::: RECORDS FOR THIS EXERCISE

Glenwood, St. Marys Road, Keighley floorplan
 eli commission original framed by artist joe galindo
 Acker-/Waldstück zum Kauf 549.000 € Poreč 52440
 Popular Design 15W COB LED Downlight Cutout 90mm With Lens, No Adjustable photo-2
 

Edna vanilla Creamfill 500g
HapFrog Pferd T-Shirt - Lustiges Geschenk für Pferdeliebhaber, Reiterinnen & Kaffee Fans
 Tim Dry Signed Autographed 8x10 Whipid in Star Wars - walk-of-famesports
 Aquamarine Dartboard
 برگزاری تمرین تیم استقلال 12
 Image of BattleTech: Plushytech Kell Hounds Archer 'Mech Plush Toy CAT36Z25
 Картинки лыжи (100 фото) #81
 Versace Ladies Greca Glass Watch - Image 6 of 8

::::::

TASK OBJECTIVE. Write the records above out again, exactly as they are.

ANSWER SECTION.
Glenwood, St. Marys Road, Keighley floorplan
 eli commission original framed by artist joe galindo
 Acker-/Waldstück zum Kauf 549.000 € Poreč 52440
 Popular Design 15W COB LED Downlight Cutout 90mm With Lens, No Adjustable photo-2
 

Edna vanilla Creamfill 500g
HapFrog Pferd T-Shirt - Lustiges Geschenk für Pferdeliebhaber, Reiterinnen & Kaffee Fans
 Tim Dry Signed Autographed 8x10 Whipid in Star Wars - walk-of-famesports
 Aquamarine Dartboard
 برگزاری تمرین تیم استقلال 12
 Image of BattleTech: Plushytech Kell Hounds Archer 'Mech Plush Toy CAT36Z25
 Картинки лыжи (100 фото) #81
 Versace Ladies Greca Glass Watch - Image 6 of 8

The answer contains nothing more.